Raw data below:
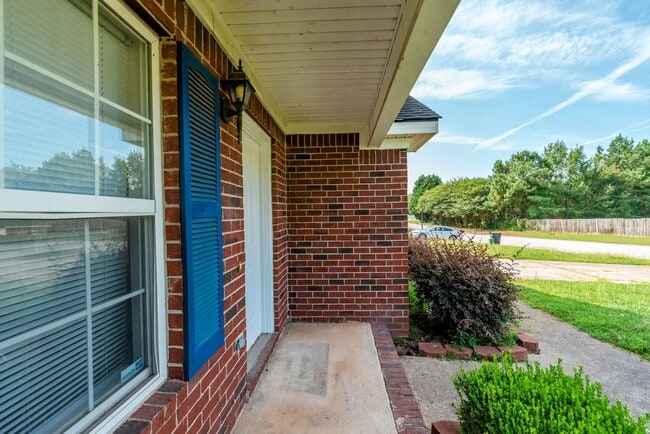 Building Photo - $1,395 - 3 bed/2 bath house for rent, fully renovated!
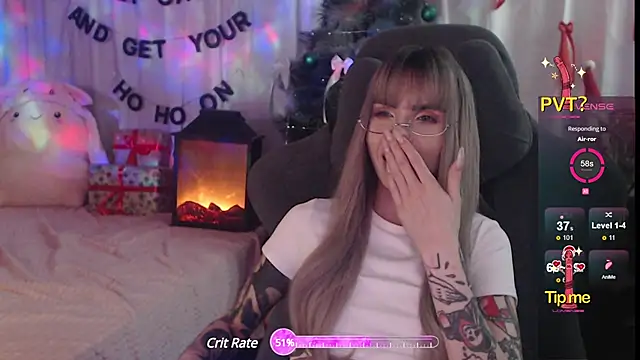 Snapshot of Kerry_Kirk chatting on 01/05/25, 09:03 Kerry Kirk online show from 01/05/25, 09:03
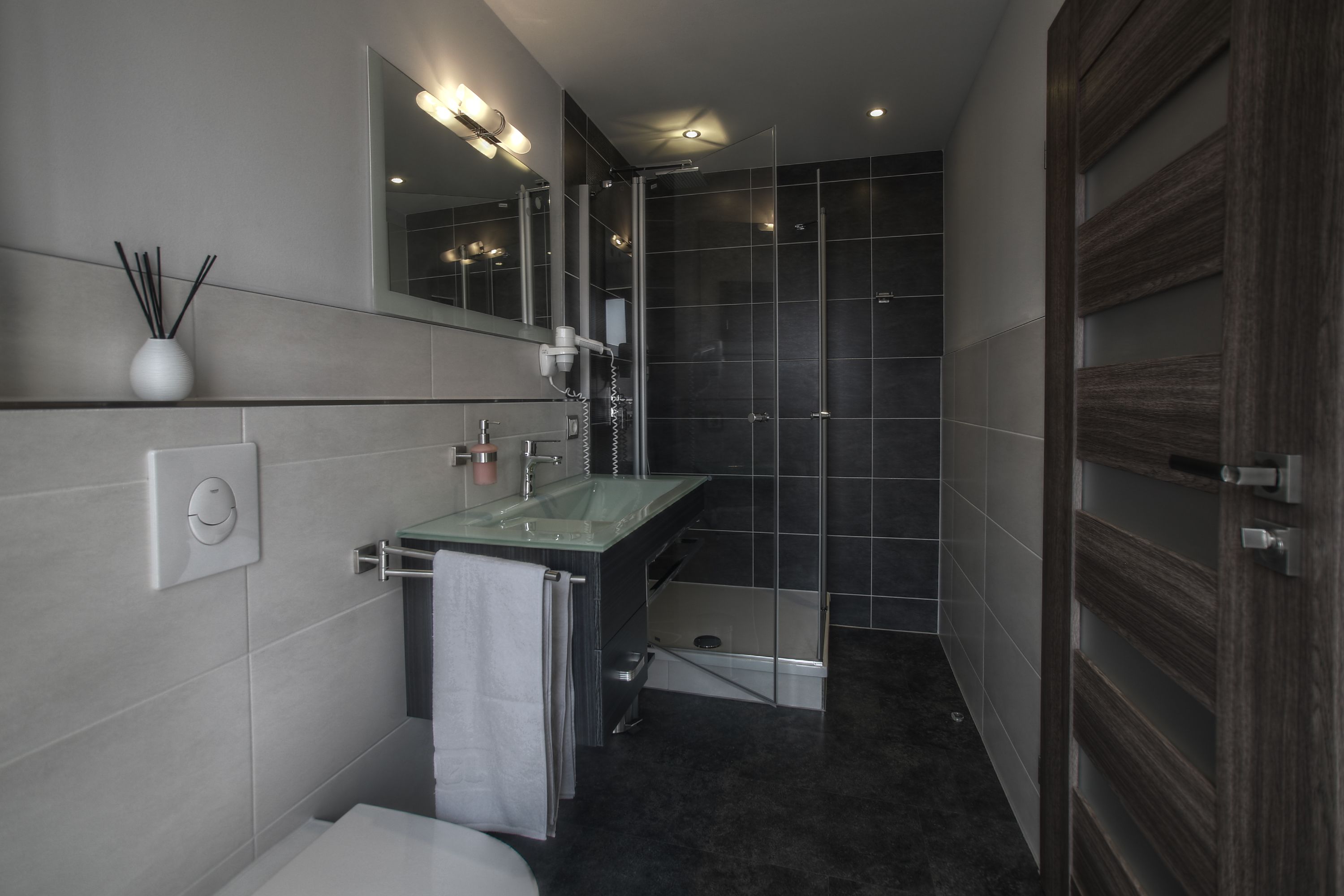 double room, 1 double bed | bathroom | shower, rainfall showerhead, free toiletries, hair dryer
End of Raw data.
* How to complete this task *
Copy exactly, please, every line from the one holding "Snapshot of Kerry_Kirk" through the last line of the data, both ends included, and no pictures.

* Reply to the exercise *
 Snapshot of Kerry_Kirk chatting on 01/05/25, 09:03 Kerry Kirk online show from 01/05/25, 09:03
 double room, 1 double bed | bathroom | shower, rainfall showerhead, free toiletries, hair dryer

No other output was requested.